**What the task requires**
Among the entries that follow, the required portion opens with the line containing "Söğütlü Silver Kadın" and closes with the line containing "2020 Women Leggings". Give that portion again exactly, and nothing else.

**Task material**
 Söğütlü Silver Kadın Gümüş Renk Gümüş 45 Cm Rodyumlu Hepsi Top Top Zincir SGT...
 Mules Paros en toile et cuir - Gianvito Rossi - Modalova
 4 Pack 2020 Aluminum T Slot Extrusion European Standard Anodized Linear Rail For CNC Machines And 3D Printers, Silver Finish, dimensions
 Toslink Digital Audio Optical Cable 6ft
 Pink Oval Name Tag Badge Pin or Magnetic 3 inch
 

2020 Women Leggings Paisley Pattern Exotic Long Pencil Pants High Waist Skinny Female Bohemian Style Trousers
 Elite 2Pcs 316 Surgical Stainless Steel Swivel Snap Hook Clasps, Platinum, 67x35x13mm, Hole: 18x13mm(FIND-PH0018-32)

...

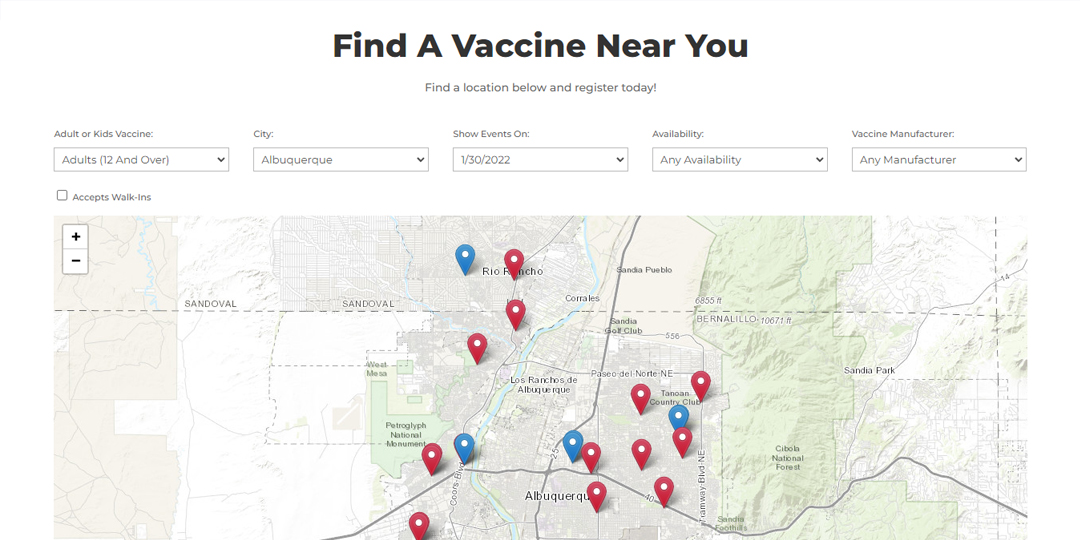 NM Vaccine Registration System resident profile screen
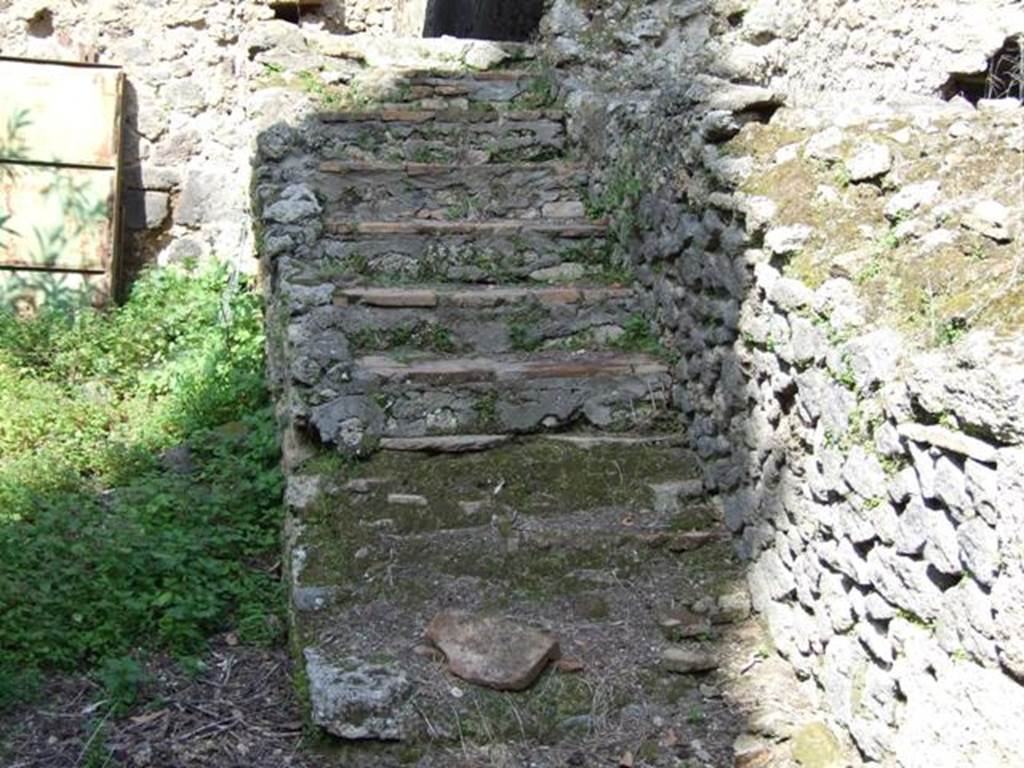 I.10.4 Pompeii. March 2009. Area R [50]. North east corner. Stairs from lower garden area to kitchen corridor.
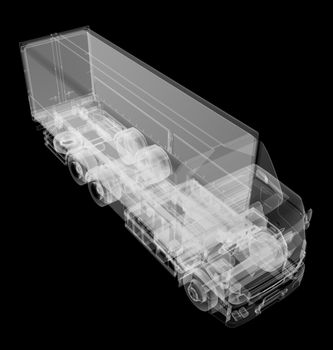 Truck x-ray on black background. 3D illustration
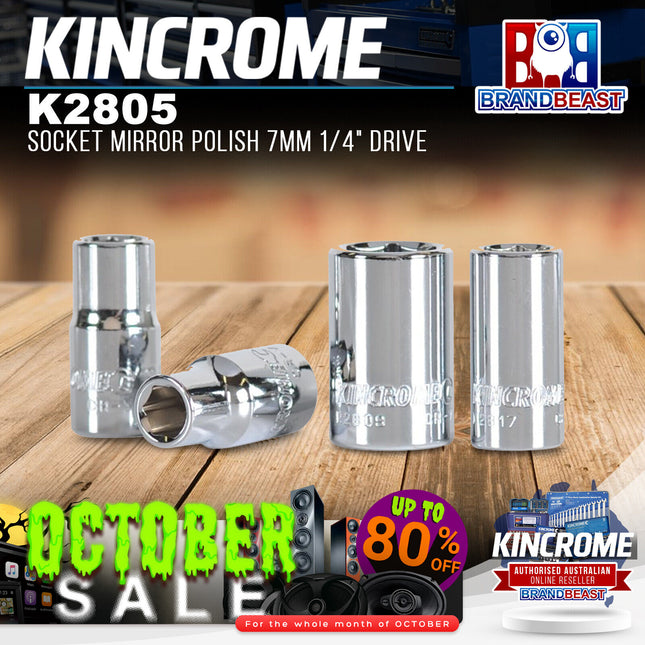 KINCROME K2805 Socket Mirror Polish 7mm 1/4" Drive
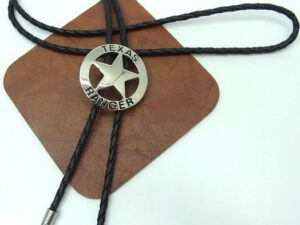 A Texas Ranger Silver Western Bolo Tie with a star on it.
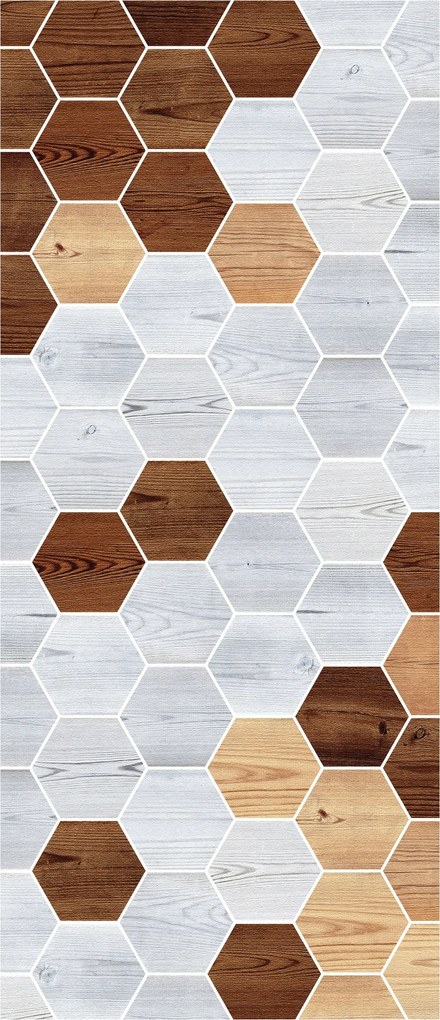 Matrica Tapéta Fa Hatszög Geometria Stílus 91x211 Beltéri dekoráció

**Answer for the task**
 Söğütlü Silver Kadın Gümüş Renk Gümüş 45 Cm Rodyumlu Hepsi Top Top Zincir SGT...
 Mules Paros en toile et cuir - Gianvito Rossi - Modalova
 4 Pack 2020 Aluminum T Slot Extrusion European Standard Anodized Linear Rail For CNC Machines And 3D Printers, Silver Finish, dimensions
 Toslink Digital Audio Optical Cable 6ft
 Pink Oval Name Tag Badge Pin or Magnetic 3 inch
 

2020 Women Leggings Paisley Pattern Exotic Long Pencil Pants High Waist Skinny Female Bohemian Style Trousers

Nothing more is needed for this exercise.